I can already hear your question - why? well, my explanation to the rescue, so here goes.
The history of Christingle’s can be dated back to 1747 and the Maravian Church in Germany, and the minister Rev John de Wateville. At the first service he gave the children a lighted candle with red ribbon or cloth around it, he wanted to illustrate that this represented Jesus being the light of the world.
After that there was no stopping this custom, and by the 1700s it had gone around the world, thanks largely to Missionaries bringing the Moravian church and its customs to England.
In Moravian churches the the Christingle service is usually held on the Sunday before Christmas or on Christmas Eve, so for us at St Francis to hold it with our Crib service seems very right and fitting, and therefore brings it all together.
As you can imagine over the years the symbolism of the Christingle grew into what we know today, and this is what it all represents.

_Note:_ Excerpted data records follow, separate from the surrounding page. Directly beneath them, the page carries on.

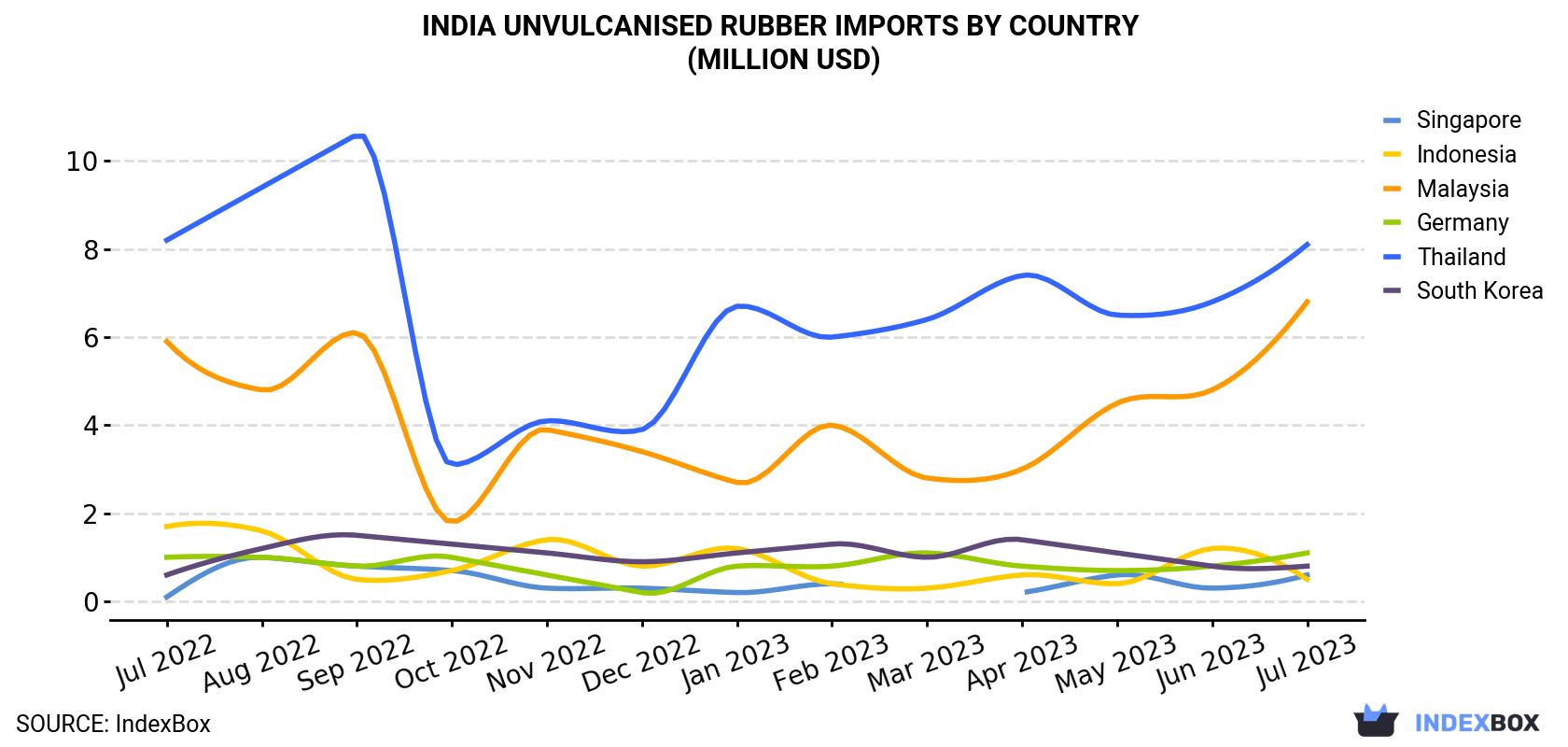 India Unvulcanised Rubber Imports By Country (Million USD)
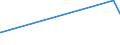 KN 8101 /Exporte /Einheit = Preise (Euro/Tonne) /Partnerland: Turkmenistan /Meldeland: Eur27_2020 /8101:Wolfram und Waren Daraus, A.n.g.; Abfälle und Schrott, aus Wolfram (Ausg. Aschen und Rückstände, Wolfram Enthaltend)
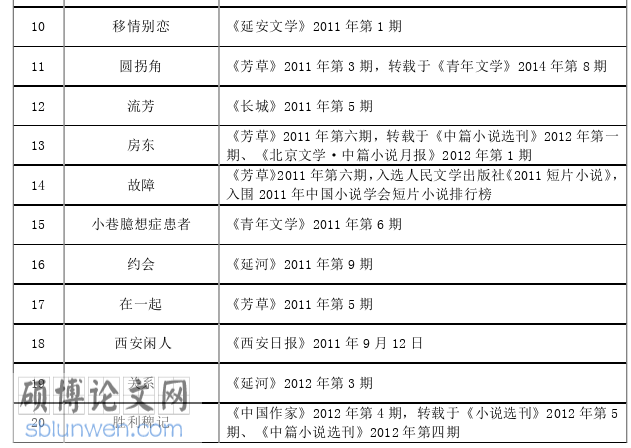 文学论文怎么写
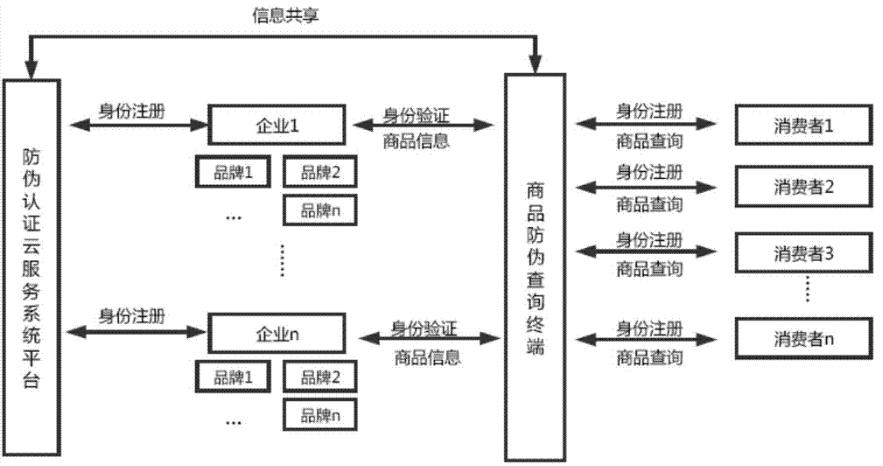 91视频一区二区标识管理系统架构设计开发多少钱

• The Orange is round like the world.
• The candle stands tall and when lit gives light in the dark like the love of God.
• The red ribbon goes around the middle as a symbol of the blood that Jesus shed when he died for us on Good Friday, sometimes in other churches they might put white ribbon round to represent purity
• The four sticks in the four directions represent the points on the compass, north east south and west, they can also stand for the four seasons.

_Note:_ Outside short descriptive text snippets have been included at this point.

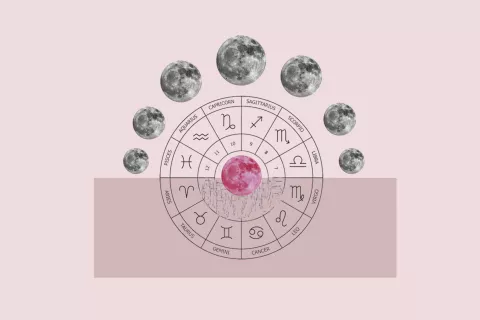 Horoscopo de hoy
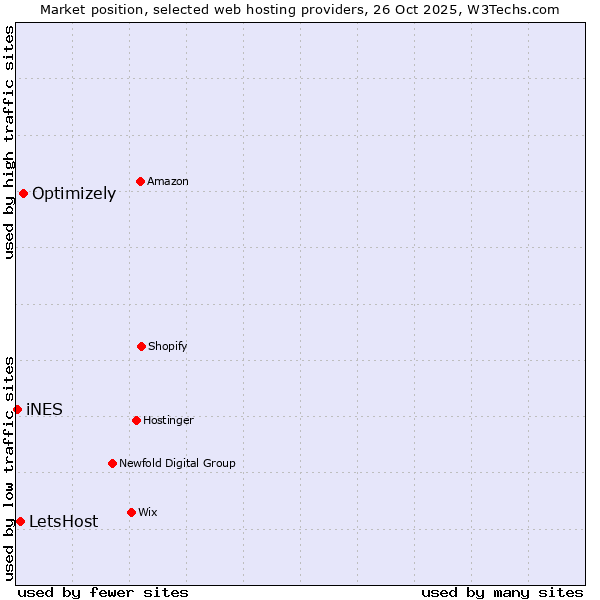 Market position of Optimizely vs. LetsHost vs. iNES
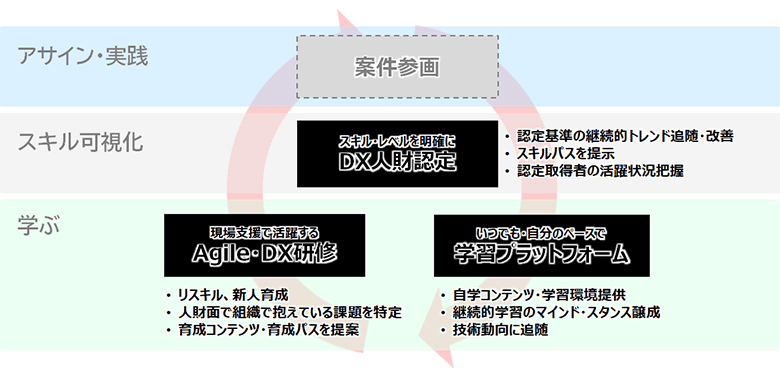 図1：継続的な自己成長を促すDX人材育成のしくみの全体像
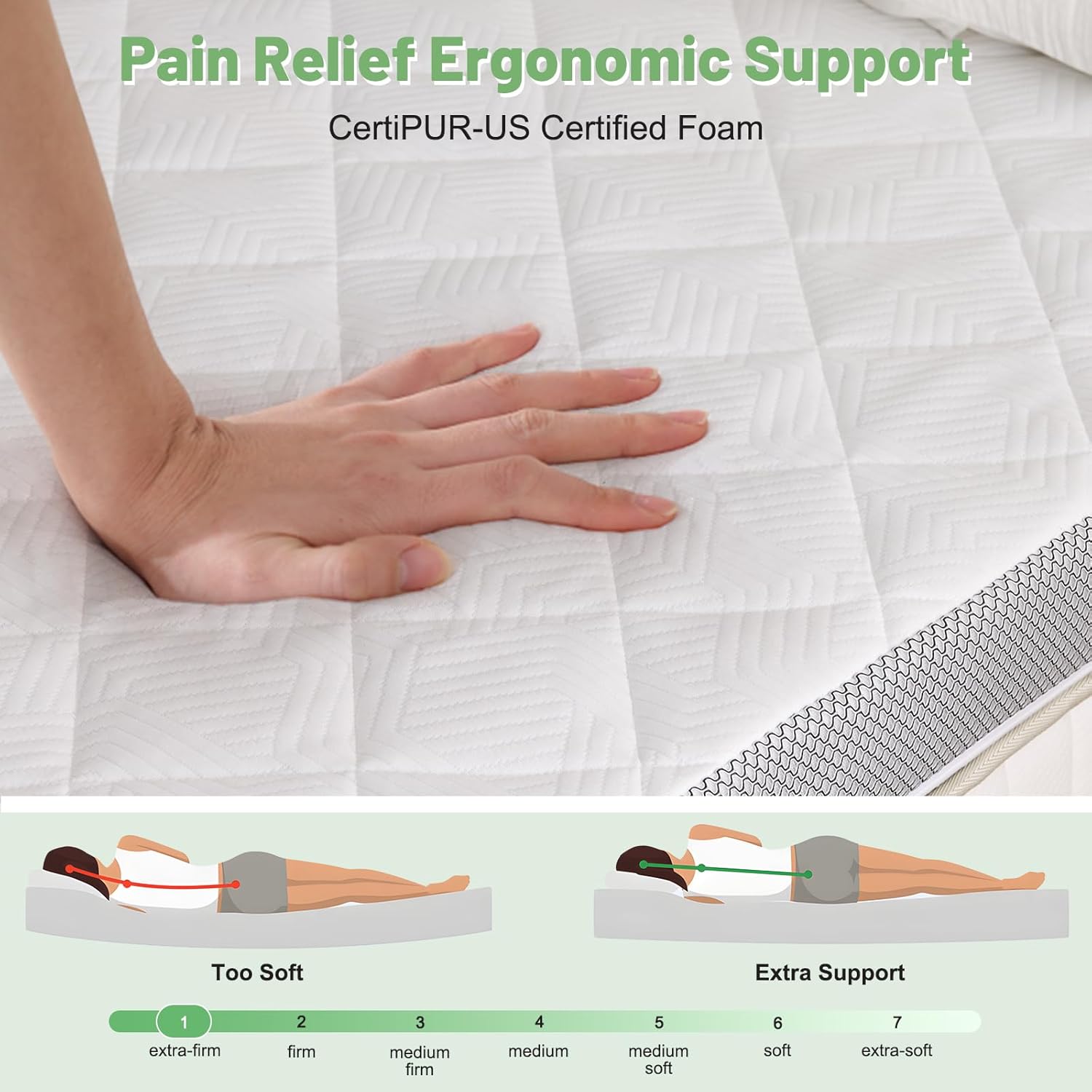 Extra Firm Mattress Topper King, 3 Inch High-Density Foam Mattress Pad, Pain Relieving Bed Topper for Extra Support, Washable Cover with Anti-Slip Straps, CertiPUR-US Oeko-Tex Certified, 80" x 76" - Image 2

• The fruit or sweets represent the fruits of the earth, nurtured by the sun and rain and the bounty that God gives us.
So where does the name come from, well, there are several theories, the word Christingle could have come from several places, it could be the English word for “Christkindl” which means little Christ child, this is the present bringer in some parts of Germany and other European countries who represents the baby Jesus, bit like Father Christmas or the American, Santa Claus.
Or it could be the putting together of two words, Christmas and ingle.

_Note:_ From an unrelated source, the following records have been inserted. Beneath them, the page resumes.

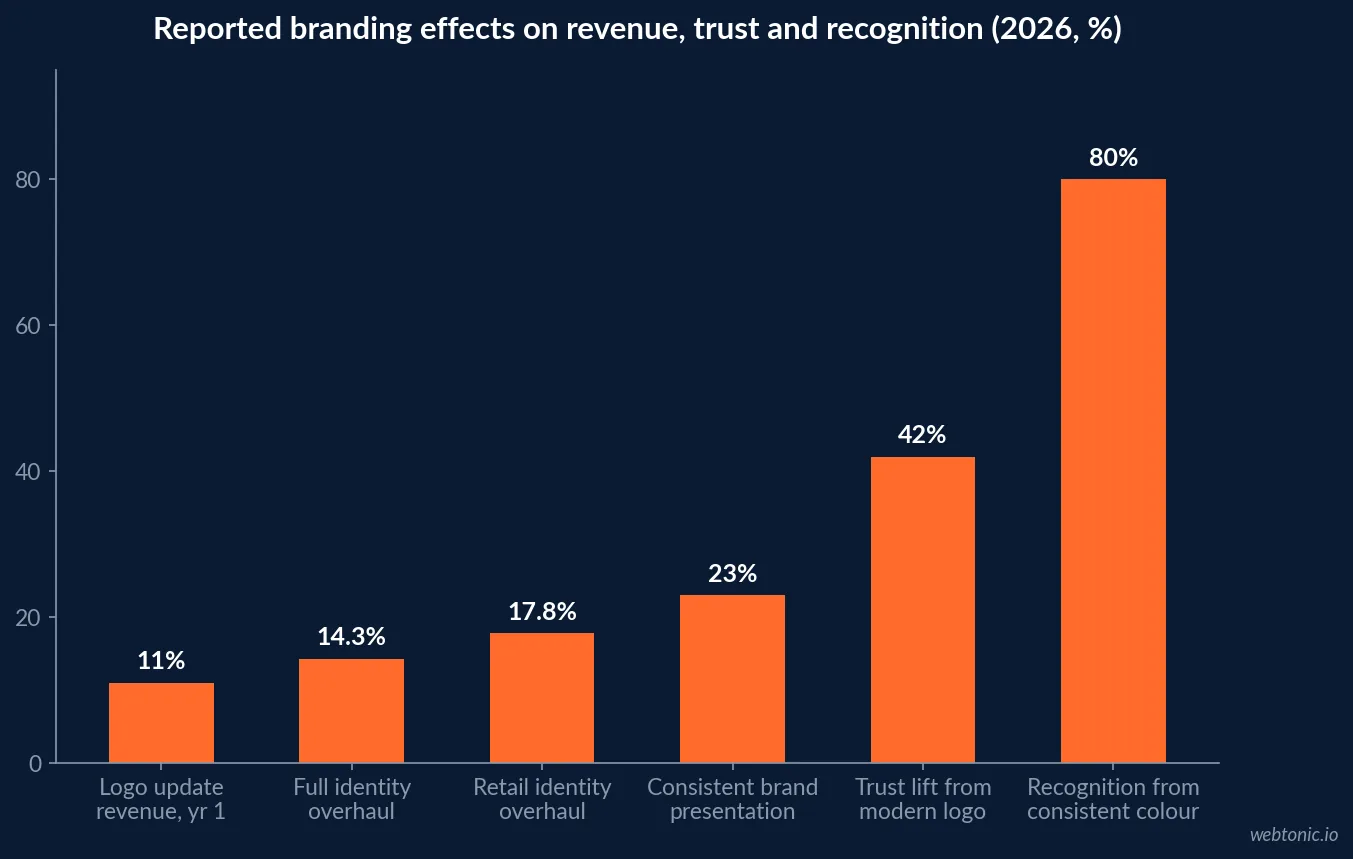 Chart showing measured branding and consistency effects in 2026 including 23 percent revenue lift from consistent presentation, 80 percent recognition gain from consistent colour and 42 percent trust lift from a modernised logo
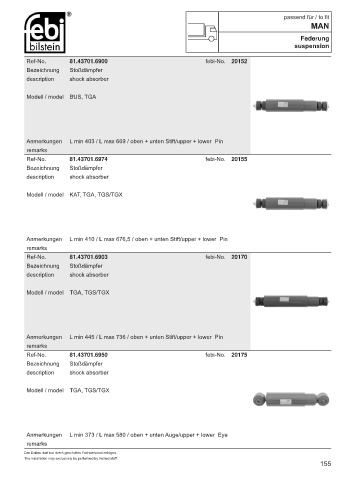 Spare parts cross-references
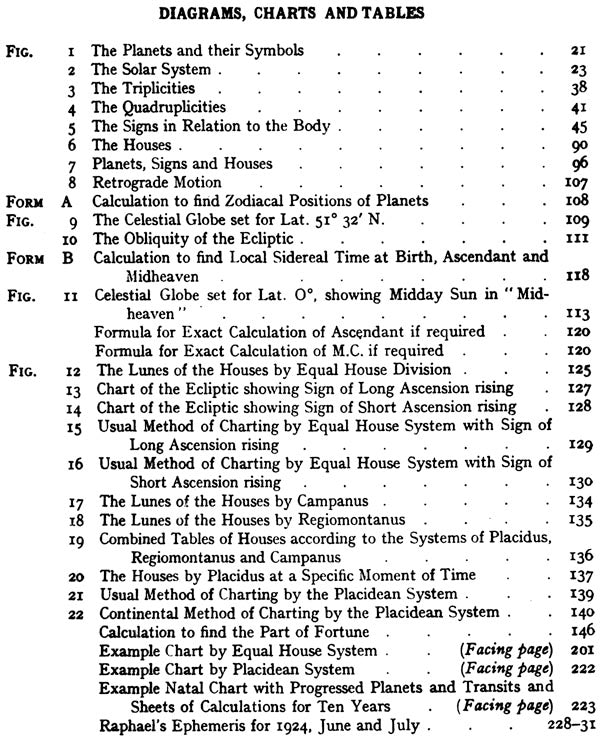 The Modern Textbook of Astrology [English] - Retail Maharaj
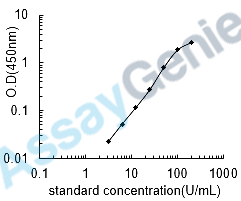 Human Mucin-16 (MUC16) ELISA Kit (HUEB0165)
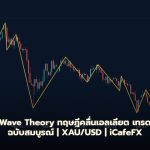 Elliott Wave Theory ทฤษฎีคลื่นเอลเลียต เทรด Forex ฉบับสมบูรณ์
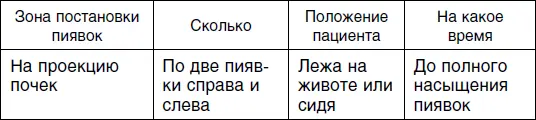 Пятый сеанс Шестой сеанс Седьмой сеанс для женщин - фото 109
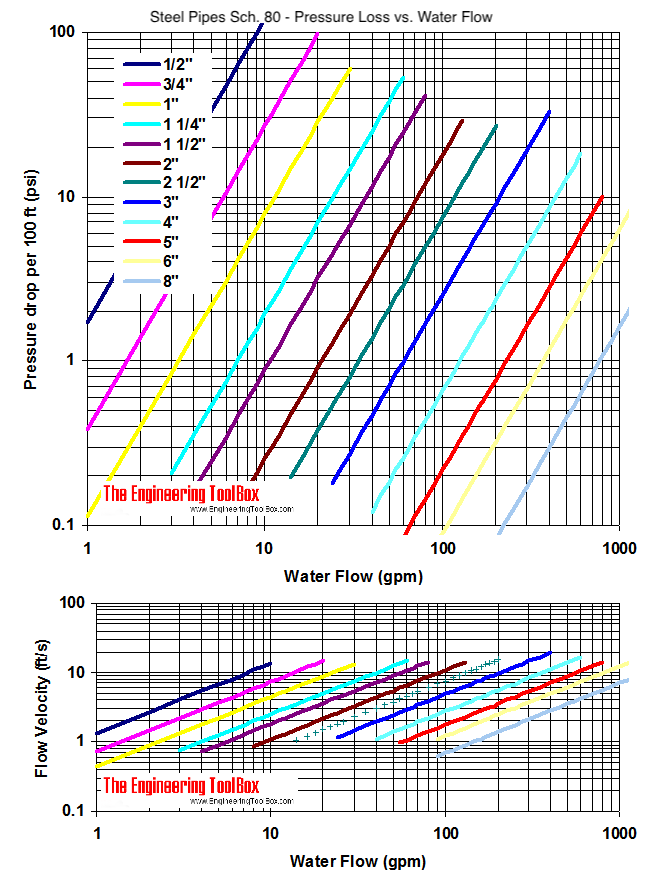 Steel pipe schedule 80 - pressure drop and velocity diagram - Imperial units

Ingle is an old Scottish word for fire and then that would make its
meaning, the Christ light, however after all this going around in circles as Christingle's originally came from Germany, the first idea is the most likely.
Christingle's became widely known in England for their connection to The Children’s Society, (this is one of the earliest children’s charities in the UK and it has strong connections with the Church of England), and that’s why you probably would have known it by its former name The Church of England Children’s society.
The First Christingle service held in the Church of England was in 1968.
The idea came from a John Pensom, who was also known as (you've guessed it) Mr. Christingle.
People didn’t think the service would succeed as making the Christingles would be too fiddly and complicated, (Ha) they were wrong.
The custom spread to all kinds of churches and today is one of the most common and popular Christmas children services in the UK, and it success just keeps growing, in the 2000s over 5000 Christingle's services were being held in the UK, in 2018, over 6000 services,
all raising funds for The Children’s Society, each year this special service raises over 1.2 million to help vulnerable young people, and in 2018 celebrated its 50th year.
Here at St Francis the combined Crib and Christingle service is as popular as ever, however we do carry on and continue to use the service to highlight The Children’s Society and raise funds for this fantastic cause, and we would normally have a retiring collection to aid and help this charity, however not this year, we would have loved to seen you here at St Francis for this special service welcoming you to our Crib and Christingle service, but alas it is not to be, however, reading this we hope gives you a little more information about Christingles and we hope you’ll look at them, not just as a bizarrely decorated orange, but as an inspirational symbol that helps young people lives, and especially at the moment in these very exceptional times. Thank you.